Tom Hardy (Bronson) plays Bob, a bartender in a Brooklyn bar called Cousin Marv’s, owned by Marv (who else? He’s played by James Gandolfini, The Sopranos). The bar is used as a “drop” spot for gangsters, meaning that money drops are made every few weeks and then picked up the Chechen mob. After a night of big drops, the bar is robbed by masked stick-up men; the Chechens suspect that Bob and Marv have something to do with it and tell them to get back the cash…or else. Around the same time, Bob rescues an abused pit bull and befriends a woman named Nadia (Noomi Rapace, Prometheus) who bears a few scars of her own. With financial troubles closing in on Marv, the Chechen mob breathing down their necks and a man called Deeds (Matthias Schoenaerts, Bullhead) threatening to take back “his” dog from Bob, things are going to get a lot worse before they get better.
The Drop is the first American film from Belgian director Michaël Roskam, best known for the 2011 crime drama Bullhead. Like in his excellent debut, The Drop has a strong sense of place (in this case Brooklyn) and the kind of working-class criminal that might often be represented on film but rarely in a way that feels this authentic. It helps that he’s working from a screenplay by Dennis Lehane (his first written for the screen, actually), who also excels at inhabiting locations with well-drawn characters who share a sense of history with one another. That sense of place and atmosphere is the best thing about The Drop, as its themes of people’s capacity for violence have been explored to better effect elsewhere. It’s the kind of film that doesn’t feel like anything new — just a familiar song, well played.

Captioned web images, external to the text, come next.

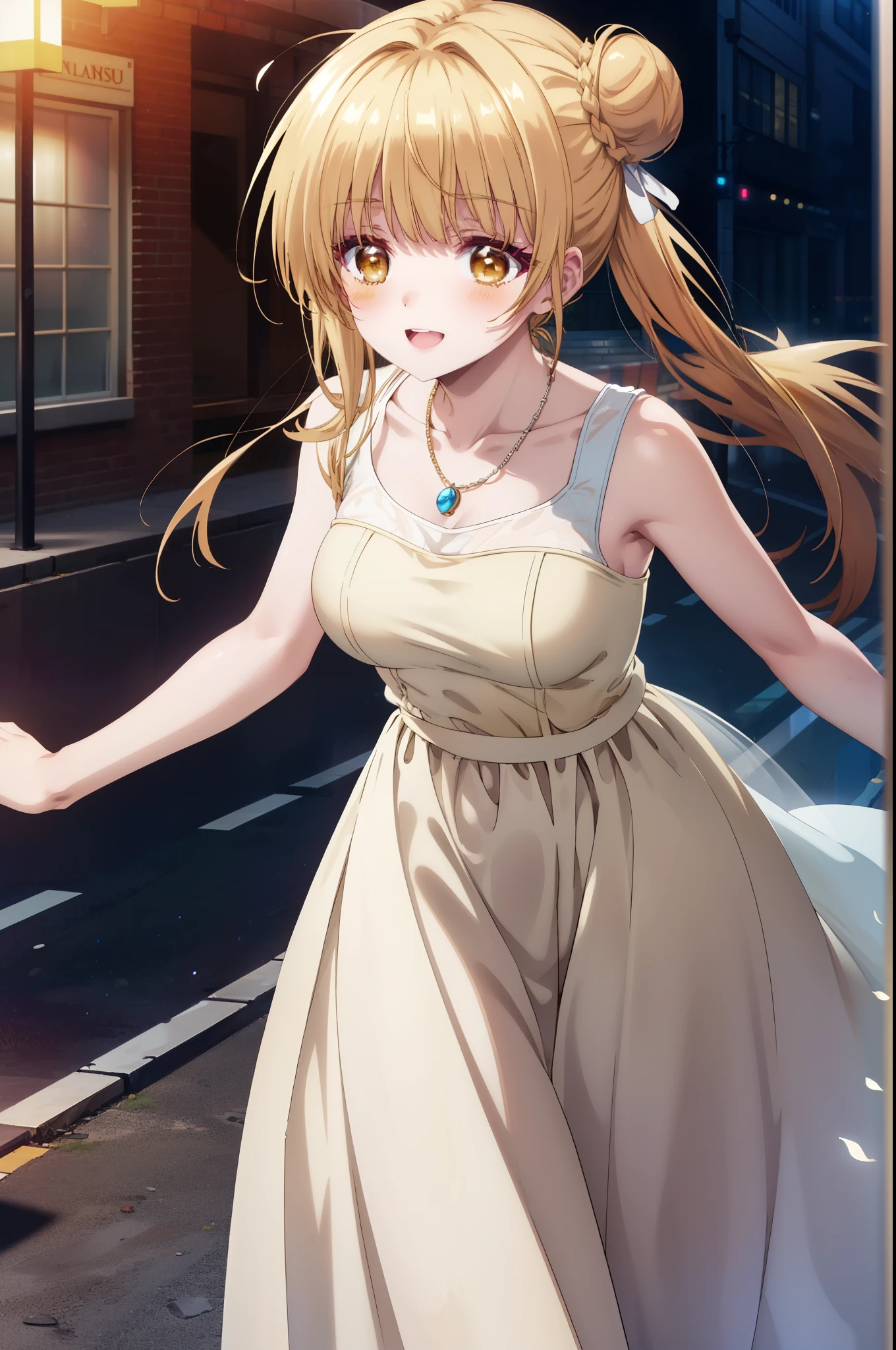 mahirushiina, Mahiru shiina, blonde, (Brown eyes:1.7), Long Hair, happy smile, smile, Open your mouth,Hair Bun, single Hair Bun,blush,Open your mouth,Locket Necklace,Sleeveless dress,Long skirt skirt,Cute heeled sandals、Walking,
break looking at viewer, whole body,crowd, people々々,
break outdoors, In town,Building district,
break (masterpiece:1.2), highest quality, High resolution, unity 8k wallpaper, (shape:0.8), (Beautiful details:1.6), Highly detailed face, Perfect lighting, Extremely detailed CG, (Perfect hands, Perfect Anatomy),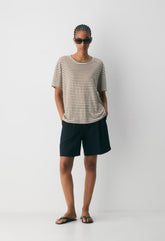 Loom Linen Quay T-Shirt - FOLIO BROWN /LT BIRCH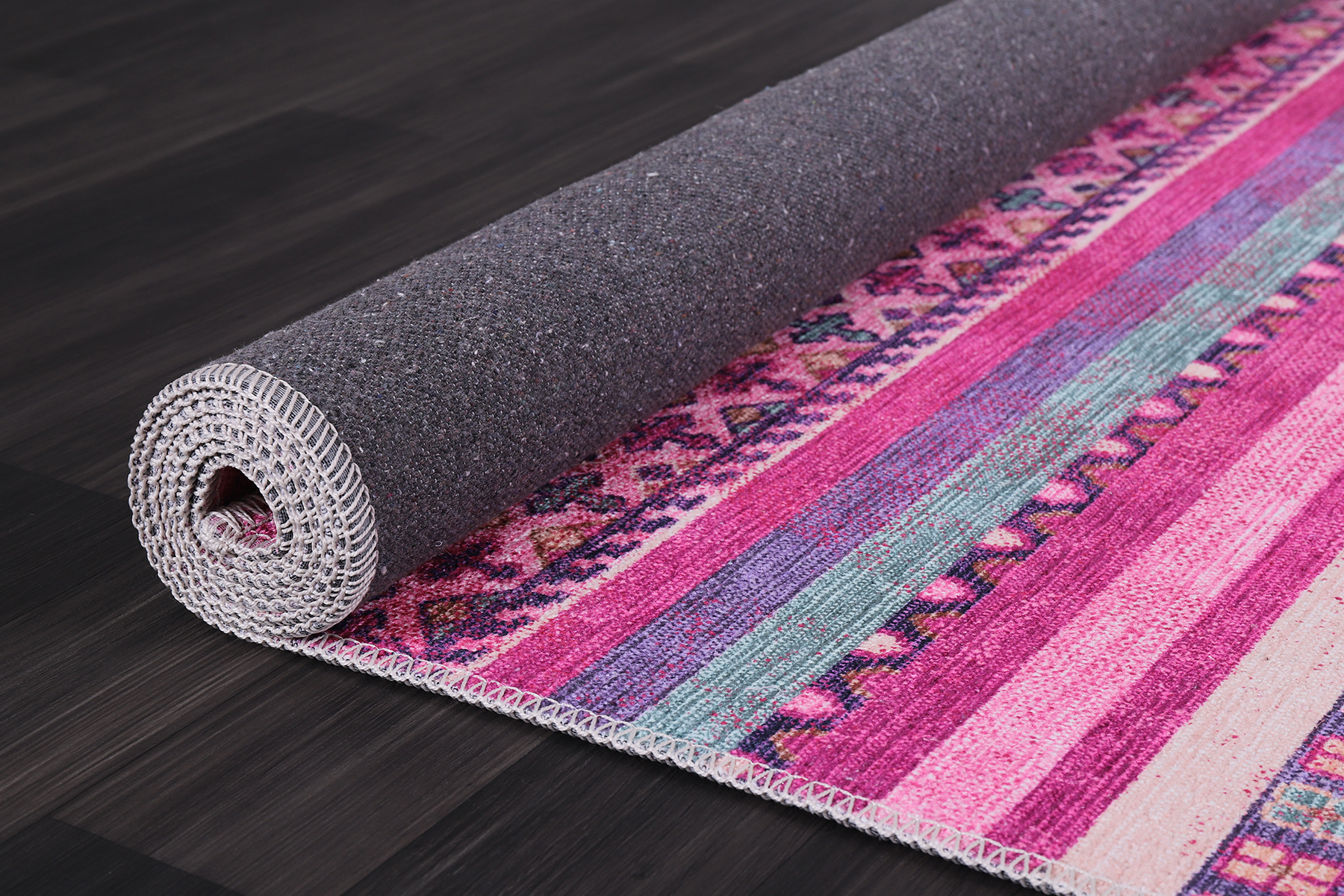Netline Home Rugs Depot Bohemian Pink Striped Washable Rug Design 1322P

As can be expected with a cast like this, the performances are all strong. Tom Hardy continues to do good and different work in every movie in which he appears; his character here is miles away from the one-man tour de force he plays in Locke, but both were released in the same year. Gandolfini makes everything better by virtue of his sheer presence, but it would be a lie to suggest that anything he does in The Drop feels far removed from previous work he’s done — it’s a variation on Tony Soprano and any other heavies he has played, only a little more desperate and pathetic. He gets a couple of good speeches, but not much else. Noomi Rapace seems like the go-to actress for movies like this: gray and dour and oppressive and mostly humorless. Her participation recalls her work in Dead Man Down, which isn’t as good a movie as The Drop but which has a similar vibe. The rest of the cast is made up of heavy-hitter character actors like John Ortiz (Miami Vice) and Ann Dowd (Compliance), all of whom perform exactly as we’ve come to expect.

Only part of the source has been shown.